Work instructions -
Exactly the lines from the one with "Multi-layer Kitchen Storage Trolley" through the final line of the entries, and nothing else, should appear in the answer; no pictures go in it.

BEGIN

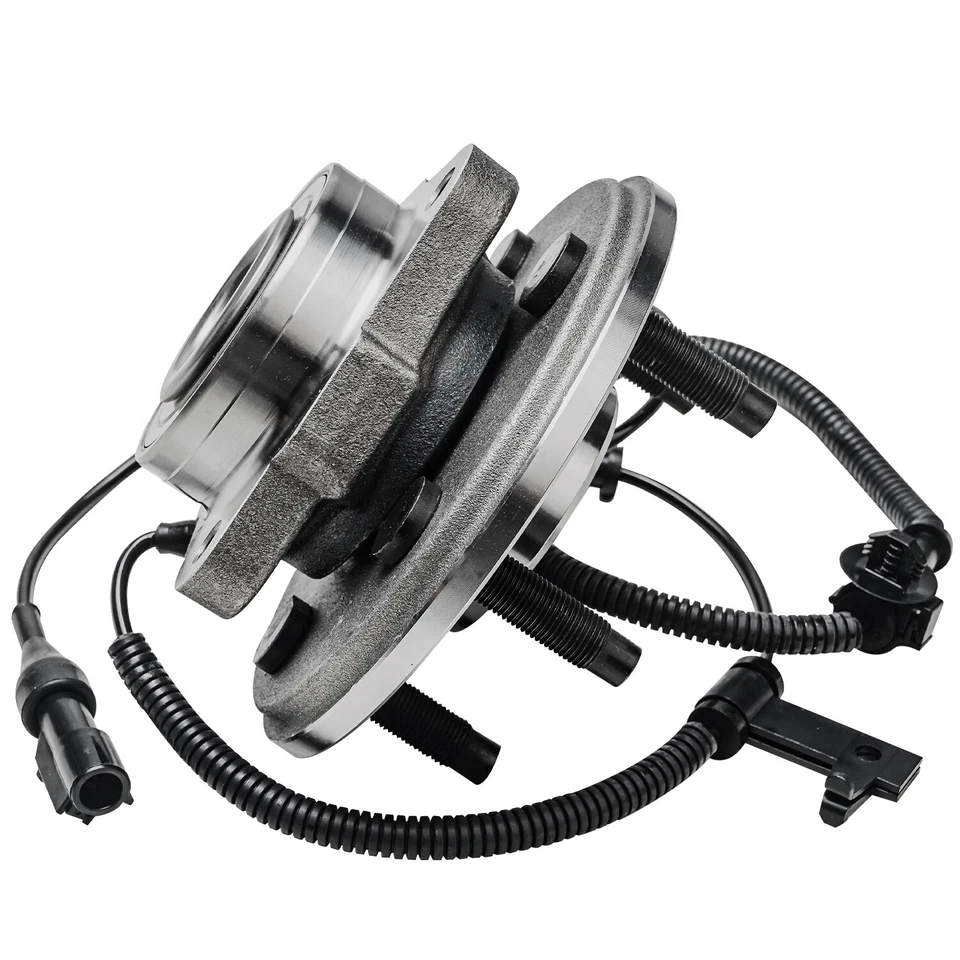 Pair (2) Front Wheel Bearing Hub for 2006-2010 Ford Explorer Mercury Mountaineer - Image 4 of 4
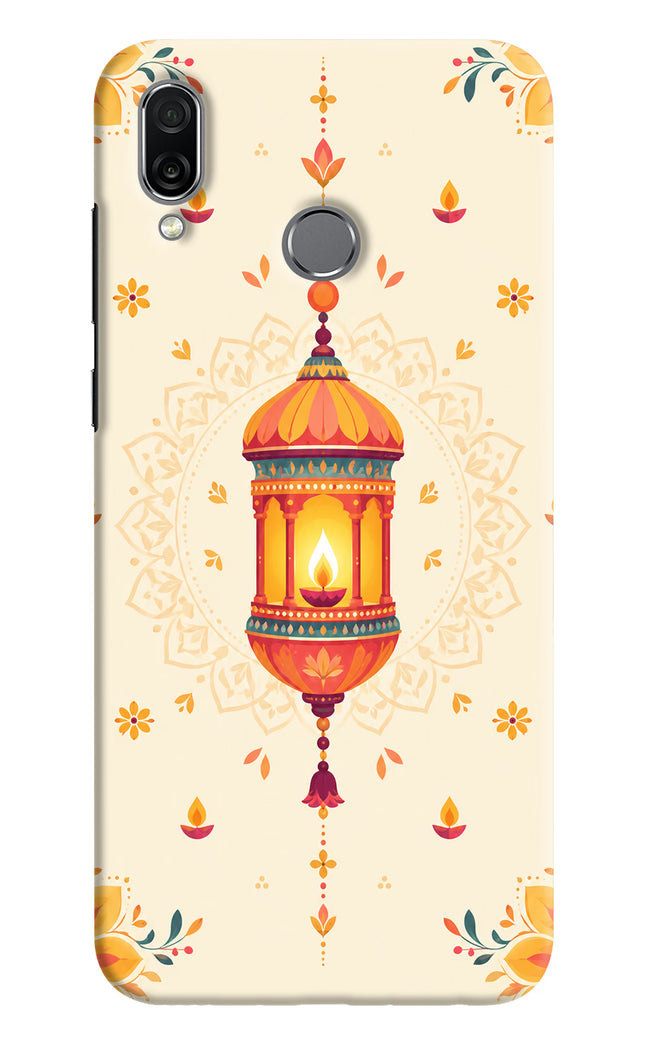 Golden Lantern Honor Play Hard Case Back Cover by Casekaro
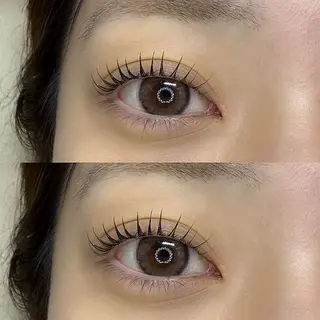 マツエク・マツパ OLIVIA GINZA上野のマツエク・マツパデザイン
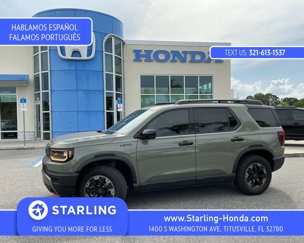 New 2026 Honda Passport TrailSport Elite image 1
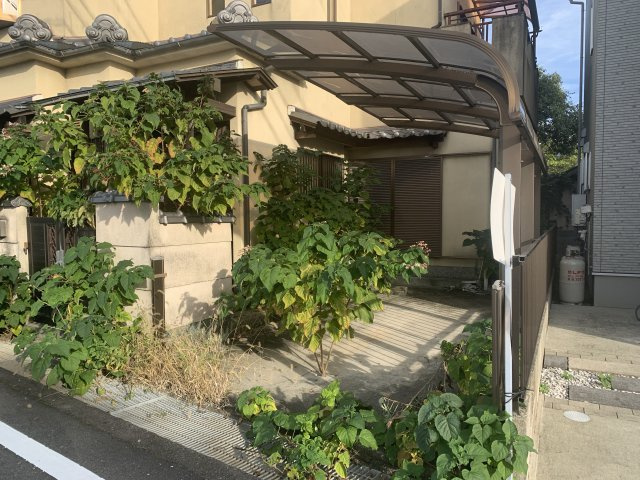 紀の川市打田　中古戸建の駐車場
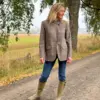 ElliGO Blazer Brown Checks - Thumbnail Image 1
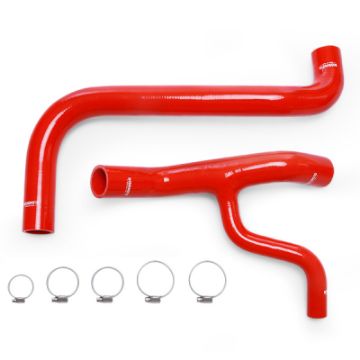 Picture of Mishimoto 98 - 04 Ford F - 150 4.6L Red Silicone Radiator Hose Kit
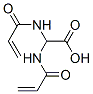 4387-85-3,bis[(1-oxo-2-propenyl)amino]-aceticaci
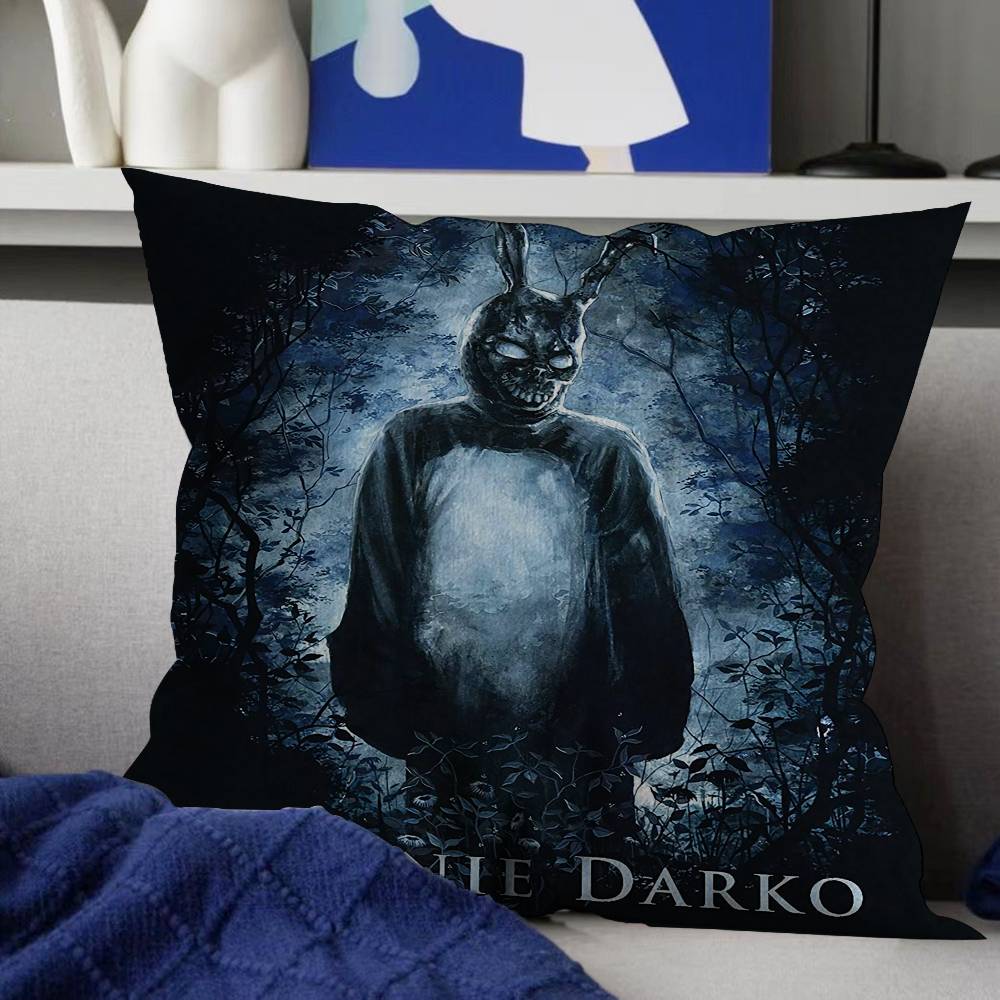 Movie Donnie Darko Office Cushion Pillowcase Car Cushion Cover45X45CM Lumbar Pillowcase Sofa Pillowcover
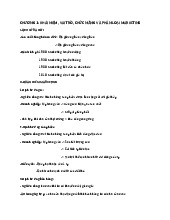 Giáo trình Marketing trong Xây dựng và Quản lý đô thị - Chương 1 đến 3 | Trường địa học kiến trúc Hà Nội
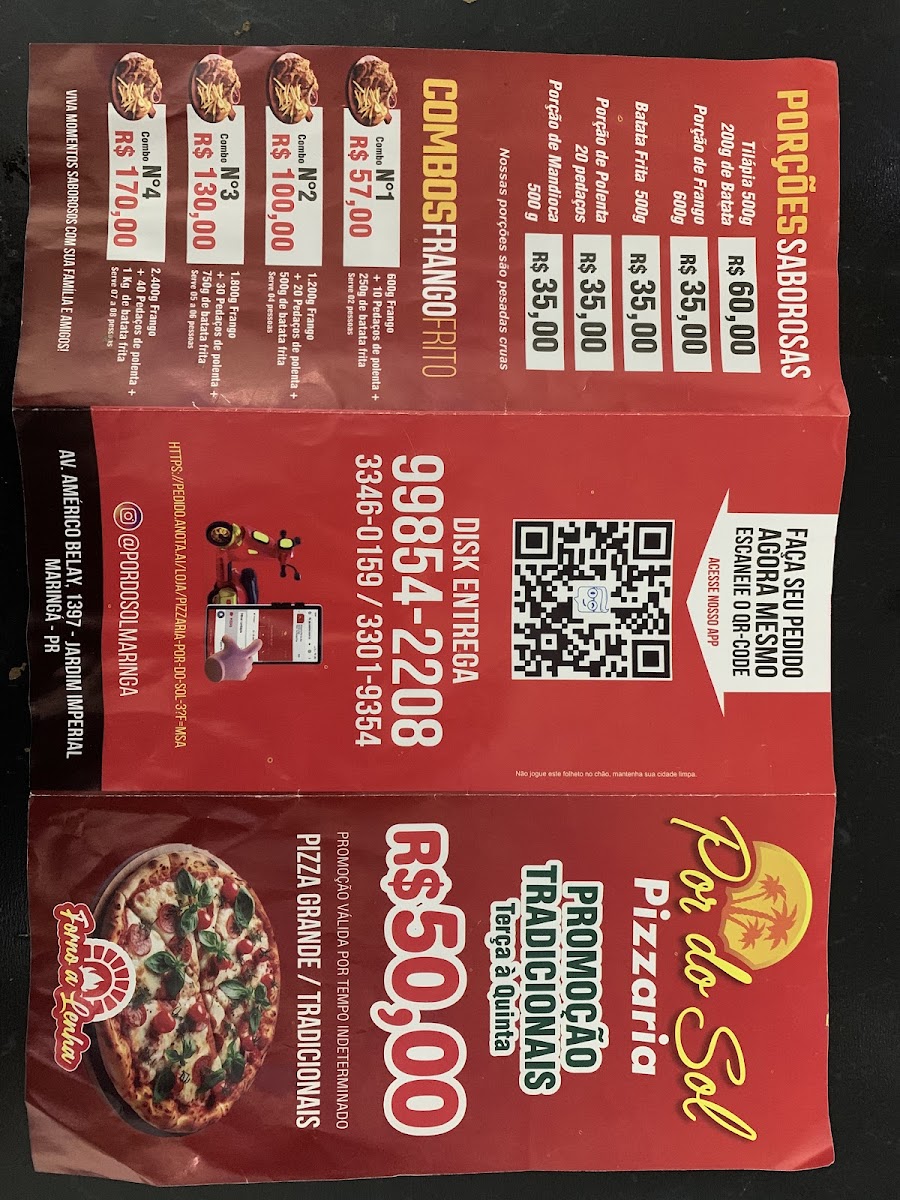 Menu Pizzaria Por Do Sol-1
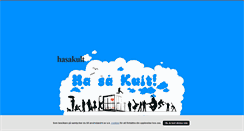 Desktop Screenshot of hasakult.blogg.se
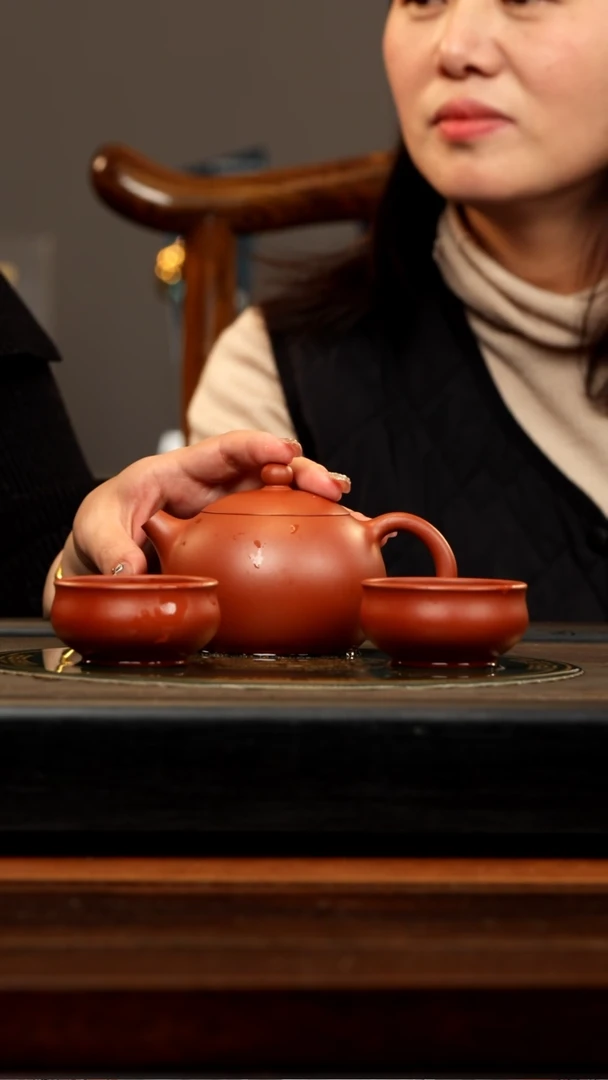 【闪购商品】紫砂茶壶YJB 大红袍 西施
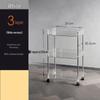 Multi-layer Kitchen Storage Trolley
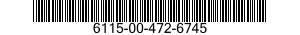 6115-00-472-6745  6115004726745 004726745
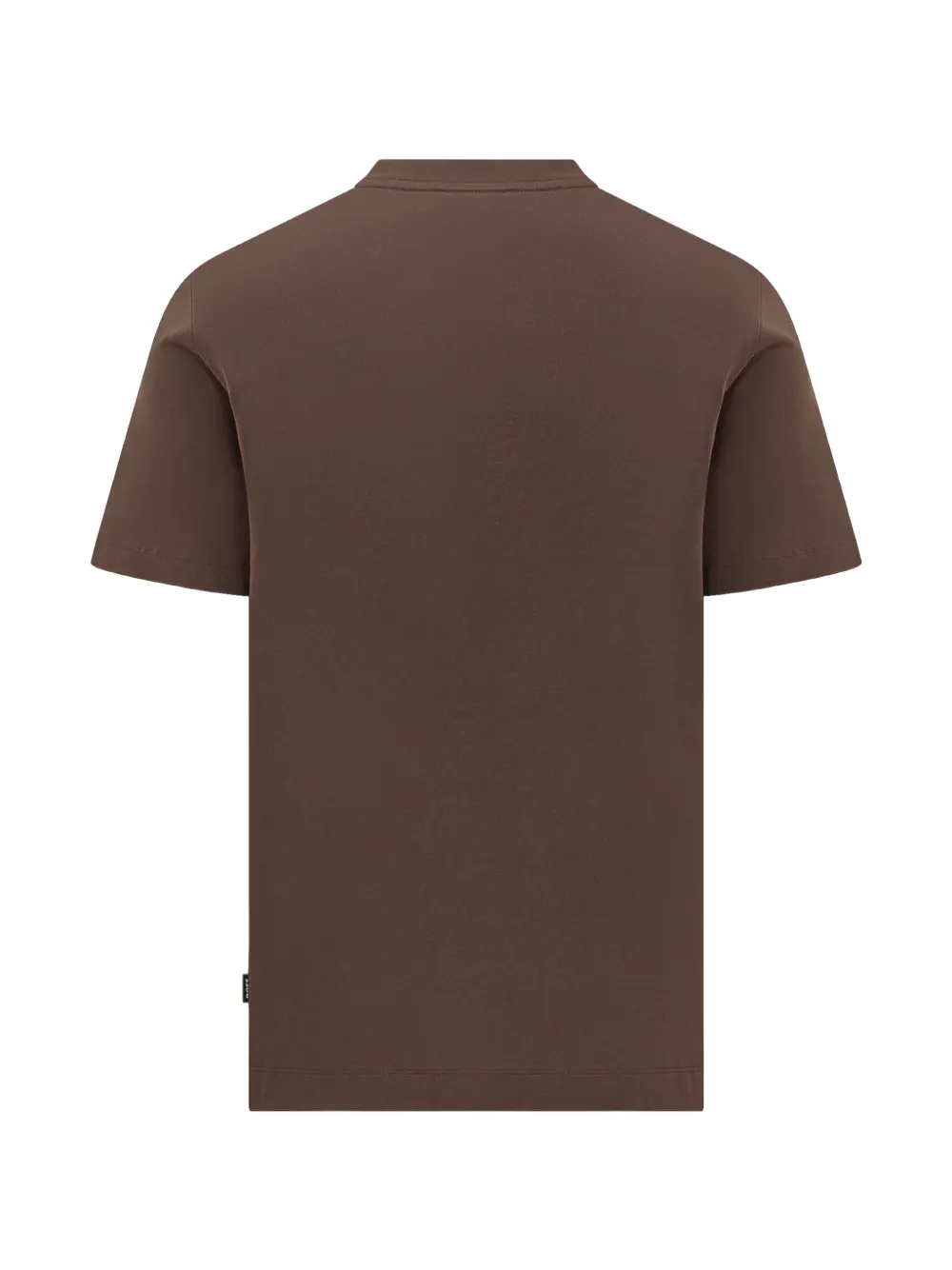 BOSS C-Taut 23 T-shirt met logo-detail Bruin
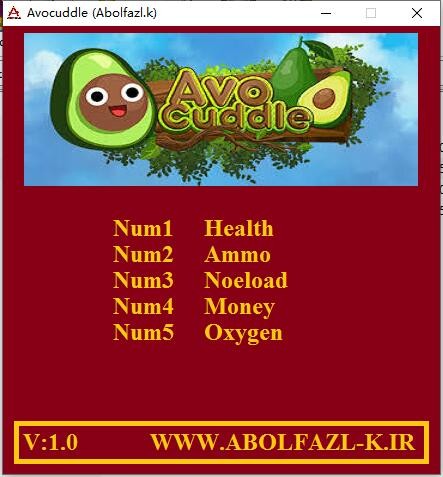 AvoCuddle五項(xiàng)修改器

END

Expected answer -
 Multi-layer Kitchen Storage Trolley
 6115-00-472-6745  6115004726745 004726745
 BOSS C-Taut 23 T-shirt met logo-detail Bruin
 AvoCuddle五項(xiàng)修改器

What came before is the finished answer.